Rambo III DVD Review

Believe it or not, Rambo is named after a brand of apples. Yes, one of the single greatest Green Berets in movie history is named after a fruit. I can't say for certain if the apple company still exists, but the movies are still revered by many as the greatest action films of all time. The series ended here with "Rambo III," a disappointment at the box office when it failed to make back one of the largest budgets in movie history at the time. This couldn't possibly be a surprise to anyone viewing it.

Working at a monastery and stick fighting on the side for extra cash, John Rambo (Sylvester Stallone) now lives the solitary life. He is once again approached by his former commander, Colonel Samuel Trautman (Richard Crenna) to head into Afghanistan to help rebel forces fend off a Russian invasion. Refusing the offer, Trautman goes in with planned group but is captured. Unable to accept his commander and friends are held behind enemy lines, Rambo agrees to go in with minimal help to rescue the hostages.

With a reported budget of $63 million, "Rambo III" spends nearly all of that money on big, fiery explosions. The location shoot in Afghanistan didn't come cheap either, I'm sure.
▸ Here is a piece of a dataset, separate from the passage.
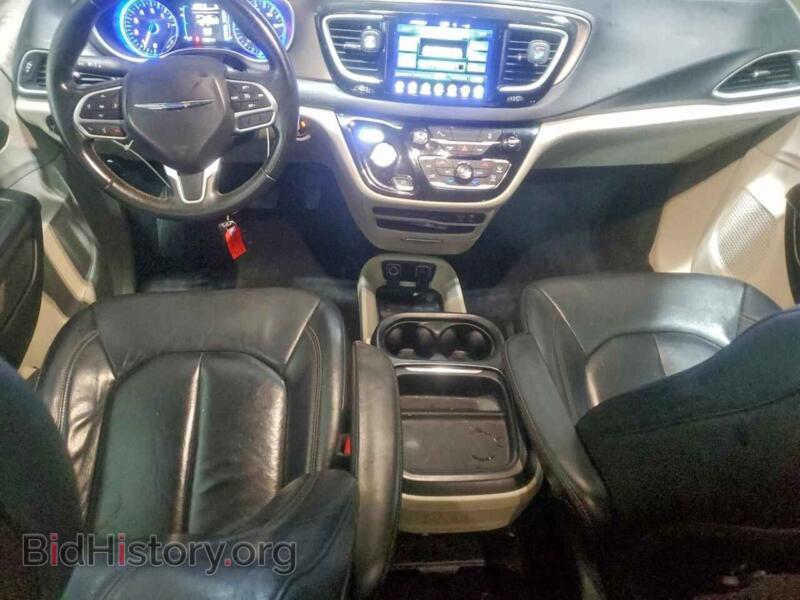2017 Chrysler PACIFICA (VIN 2C4RC1BG1HR590824) — photo 8 of 14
It's a shame that the movie fails so miserably. Originally tapped to direct was Russell Mulcahy, who would go on to create the excellent World War 1 film "Lost Battalion" for A & E. After dropping out, Peter MacDonald took over. His major credits include this film and "Super Dave." That should say something right there.

This is unquestionably a B-movie. They simply added on an A-movie budget. If the location shoot was scrapped and Stallone was dropped, all you would be left with is direct-to-video action flick with no substance. This is the longest film in the series, adding around ten minutes to the usual "Rambo" runtime. It takes quite a while to get going and useless scenes like the goat-carcass sport serve no purpose.

Once past this however, the movie kicks into what most people associate the Rambo films with. It sort of flows like this:

Close up of Rambo shooting in sweeping motion.

*edit*

Insert shot of men falling in a chaotic fashion.

*edit*

Repeat.

No flow is present in the action scenes and the amount of ammunition shot at this man is absurd. Either the Russian soldiers failed their marksmanship exams, or it's possible that this movie isn't very accurate. I have my money on the latter. "First Blood II" was at least a fun time and had crowds cheering for the guy. This one doesn't even qualify as a popcorn movie. It's impossible to eat anything because your mouth will be wide open in stunned amazement that someone could actually produce something like this.

To its small number of credits, "Rambo III" did make the Guinness Book of World Records. I'm not sure if it still holds the record for "most on-screen deaths," but it would certainly rank up there even today. It does feature one of the more innovative death sequences in the history of action movies, a hanging/grenade explosion combo towards the end. Otherwise, it's hard to believe the same group of people who wrote this tired sequel also gave us the script for the meaningful and innovative original. (* out of *****)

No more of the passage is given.